Having a coal mine then didn’t mean you had
money, just that your family might stay warm
through cold Winter nights, no central heat, just
a pot-bellied stove or a shared fire grate.

This was in the Forties and Fifties when
a lot of people in the mountains where
Coal was King still lived in mining towns or
coal camps as they were known. Called coal camps
because the coal companies would often build a town
near their mines. A town of identical, cheap
clapboard houses for the miners’ families…All
the house they could afford, seeing as they
were paid not with money but coal company
script, worthless, only good for company housing,
only accepted, at the company store.

Generations fell into the coal camp
trap, sons joined fathers deep underground
for twelve hour days . Sons became fathers,
and their sons joined them still working
hours on end only to end up deeper
in debt to the coal company, providing
an endless supply of virtually free
labor for the mines to exploit

Even today, you can drive through Southeastern
Kentucky towns and see identical
rows of frame houses, lining both sides of
the streets in what was once a company town.
The mines got the easy money out and
left the towns they built for profit to live
or die without the one-time King. Coal was
King in those mountains for many years.

My grandfather worked in the mines as a
young boy, coal mining was a dangerous
business, even more than it is today.
At that time, all the coal mining in the
mountains was done deep underground
in hand dug mines where teams of small ponies
pulled carts of coal out of the earth’s
bowels in rail carts riding on miniature
railroad tracks. These small ponies were worth
their weight in gold, a pony would sell for
two or three times what a saddle horse did
simply because of the amount of coal
the pony would pull out of the mine in its life.
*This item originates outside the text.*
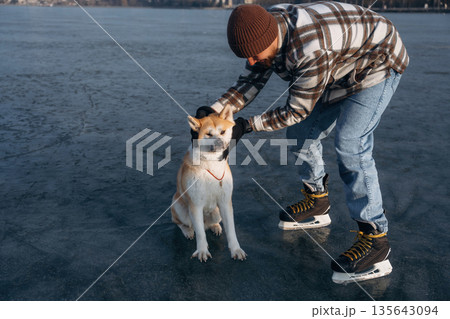 Human's best friend. Man with Akita Inu dog is on the ice with skates in winter Human's best friend. Man with Akita Inu dog is on the ice with skates in winter 135643094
My great-uncles weren’t miners they farmed,
growing acres and acres of corn they
sold to the miners living in the camps
miners would buy corn not to eat, but drink.
My great-uncles and others like them would
raise their crop and then spend weeks turning the
corn into whiskey or moonshine as it
was better known. They would ride their horses
to the camps with loaded “Four gallon bags”,
saddle bags that held two gallon jars of
‘shine on each side. At the camps, the miners
paid my uncles with what they had, not with
money, just coal company script, but it
bought the family things they could not make.
things like coal oil for lanterns, back then
electricity had yet to find its
way into the mountains. It bought ‘wheat lights’
they wore on hard hats as they mined enough
coal to keep the family warm for a
winter, and things like candy and oranges
for the children, come Christmas time, my dad
often tells how special it was to get
candy, you didn’t just grab a candy
bar at the convenient store coming home
from work back when he was a child.

When my father came home from ‘Nam,
he saved enough to buy a used coal truck
The coal truck owners were contract labor
their trucks, numbered based upon seniority,
at one time my father and grandfather
had trucks two and three, this was a couple
of years before the last big ‘coal boom’
in the mountains, my father worked all day
and then came home to work most of the night
just to keep his truck running. He sometimes
tells the story of my mother throwing
his dinner out the front door, plate and all
because he was still working on that truck
two hours after supper was ready.

His driver wrecked the coal truck one day,
and that was the end of my father’s truck
what he got from the insurance company
was enough to either pay off the loan
for the truck or fix it. Dad paid the bank,
sold the truck. It was bought not for its parts,
but for its number. He could not see a
future worth continuing with the truck

Two years later, coal truck owners in the
mountains were making a hundred thousand
a year after they paid their driver and
all the bills for the truck. Dad was working
for the coal company by then, he spent years
working on a dragline shovel, driving
a rock truck, and running a drill. Where else
was a college dropout going to make
forty to sixty grand a year?

From the mid Seventies through the late Eighties,
coal was truly King in the Eastern Kentucky
mountains, In Breathitt, Perry, Knott, Leslie,
and Letcher counties more than twenty mines
that each provided over two thousand jobs,
high paying jobs, the highest paying jobs
that people in that area had ever seen.
Cadillacs, satellite dishes, and boats
all set in the yards of new brick homes, homes
much fancier than any of the ones where their
owners grew up. Much fancier, and much
more expensive, but all the area banks
always had money for coal miners

New Cadillacs had to be had at least
every two years, boats had to be faster
than anything else on the lake. And since they
owned boats, they had to have lake cabins,
the banks had no problem financing
the miners’ dreams, remember, coal was king
Not quite all the coal miners and coal truck
owners fell into this money trap, but
most ended up really no better off than their
forefathers who had owed their souls to the
company store. This generation’s
company store had only been hidden
in a nice brick exterior downtown
changing its name and means of operation.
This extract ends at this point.